- [Excerpted records]:

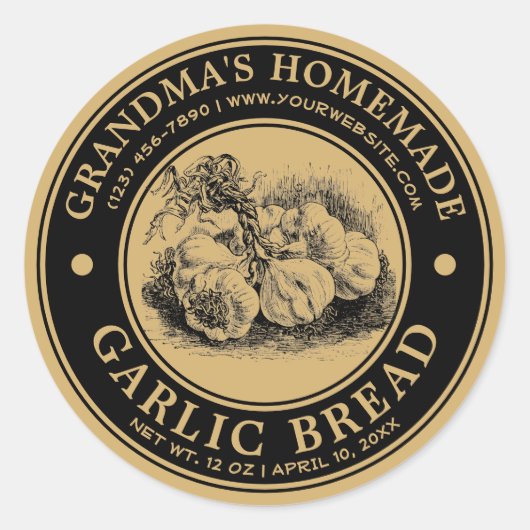 Modèle de Étiquette de pain d'ail maison vintage (Devant)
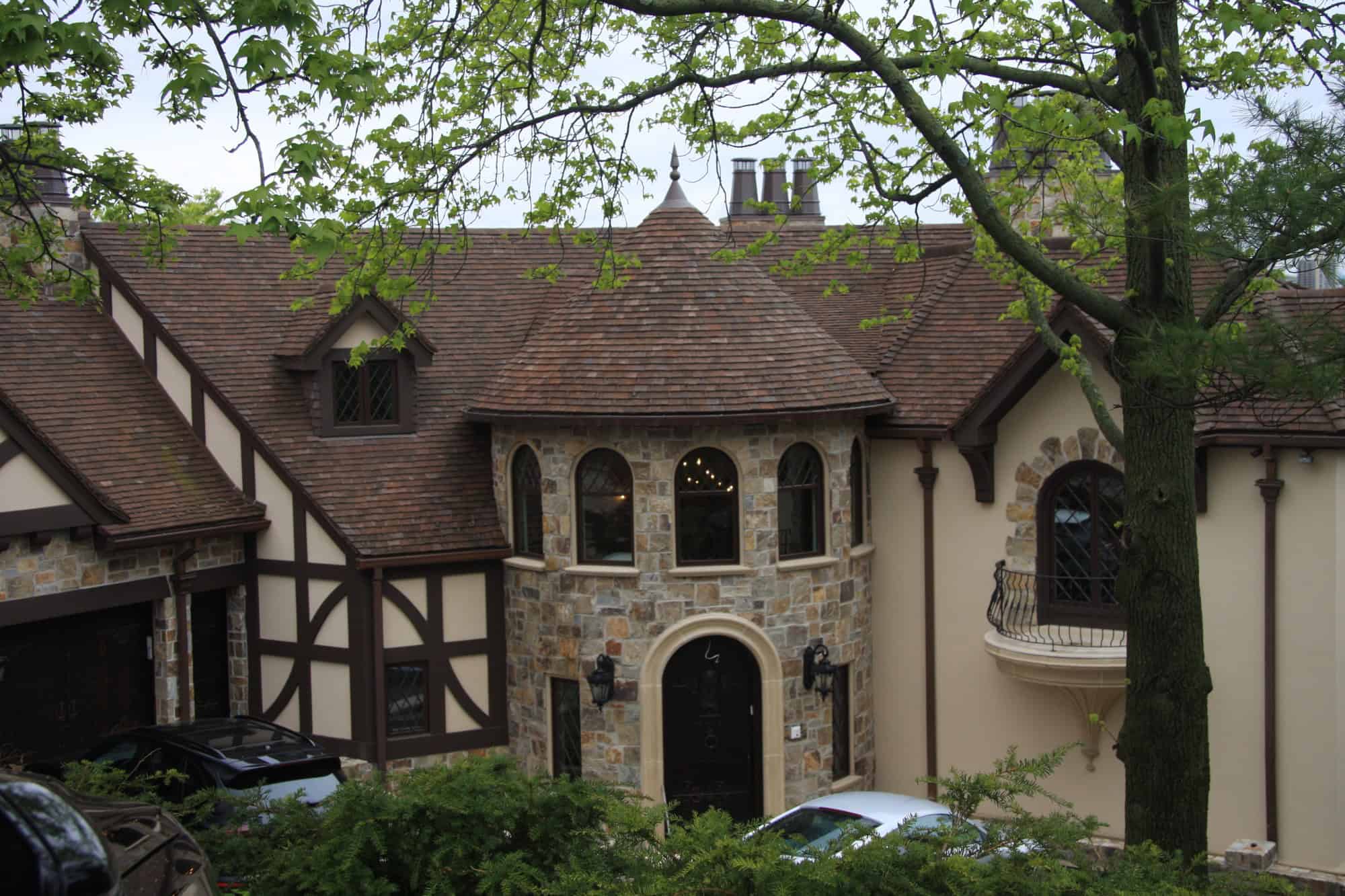 English Clay Roof Tiles on Tudor Home – Bayport, NY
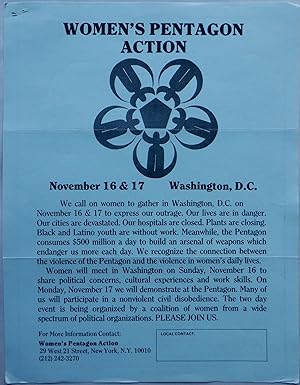 Women's Pentagon Action November 16 and 17 (1980) Event Handbill/Flier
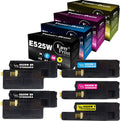 (2X BK+C+M+Y) 5-Pack Compatible Toner Cartridge Replacement for Dell E525W E525 for Dell E525W Color Laser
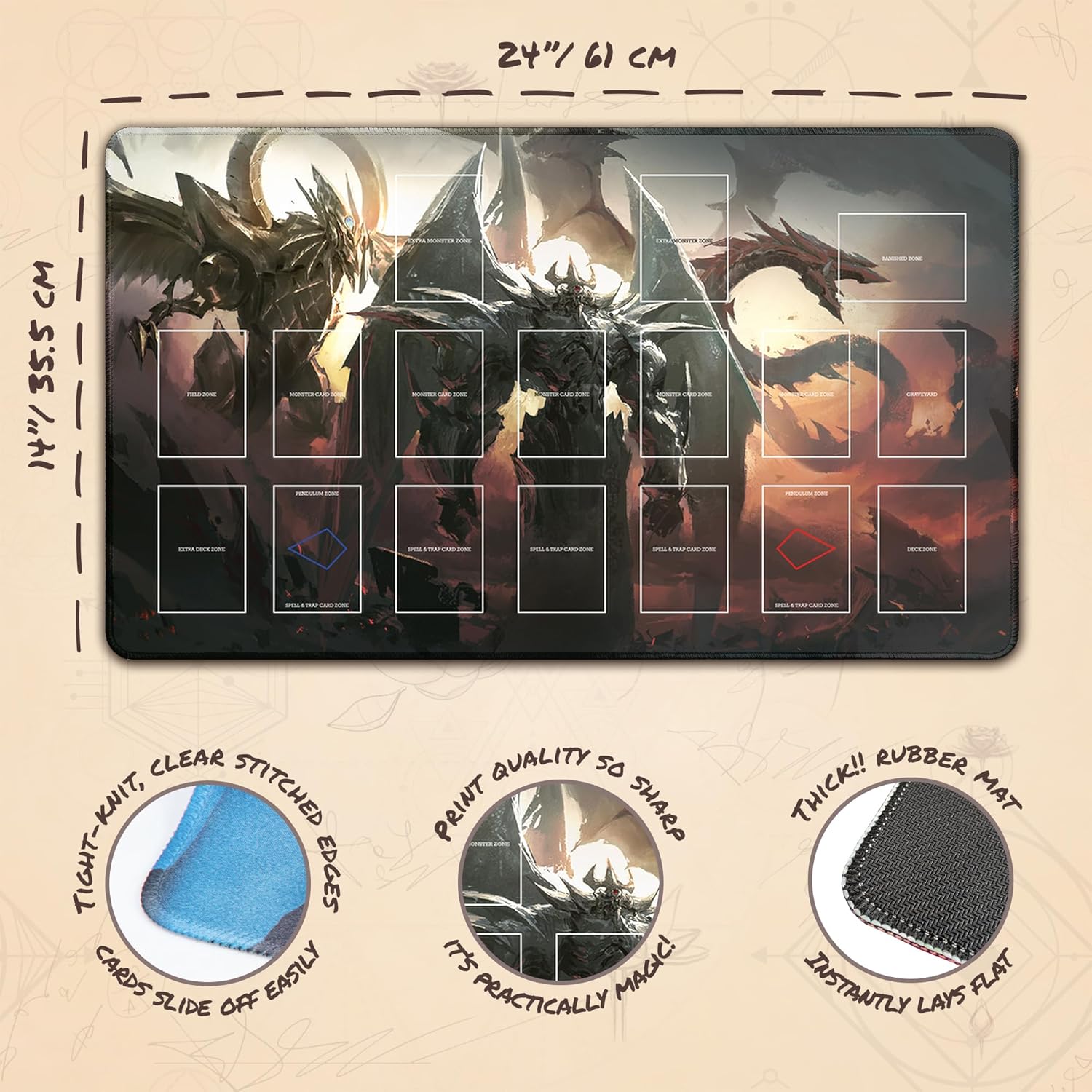 Ra, Osiris, Obelisk (Stitched) - TCG Playmat – Master Rule Duel Field Zones, Large 1-Player Japanese Anime Card Game Mat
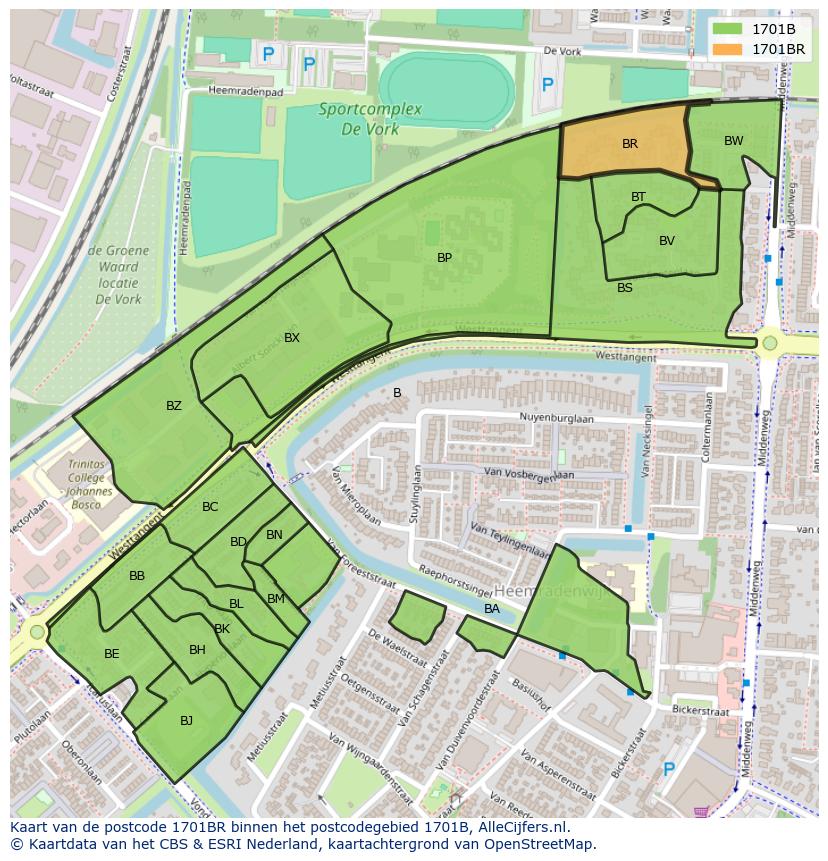 Afbeelding van het postcodegebied 1701 BR op de kaart.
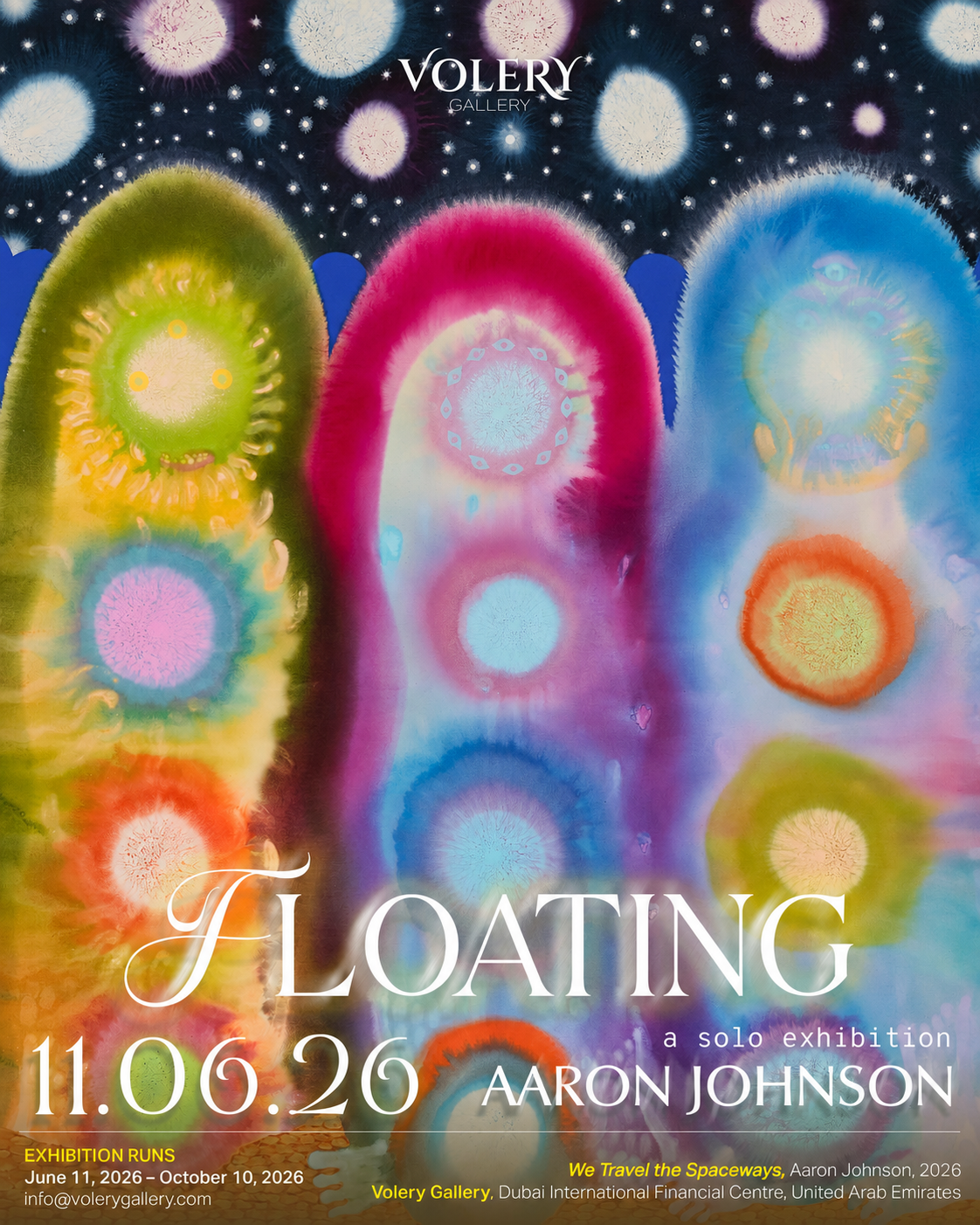 Aaron Johnson Volery Gallery Show Flyer Dubai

- [Directions]: Beginning with the line in which "Afbeelding van het" appears, repeat exactly each line down to the close of the material, leaving every picture out.

- [Exercise output]:
 Afbeelding van het postcodegebied 1701 BR op de kaart.
 Aaron Johnson Volery Gallery Show Flyer Dubai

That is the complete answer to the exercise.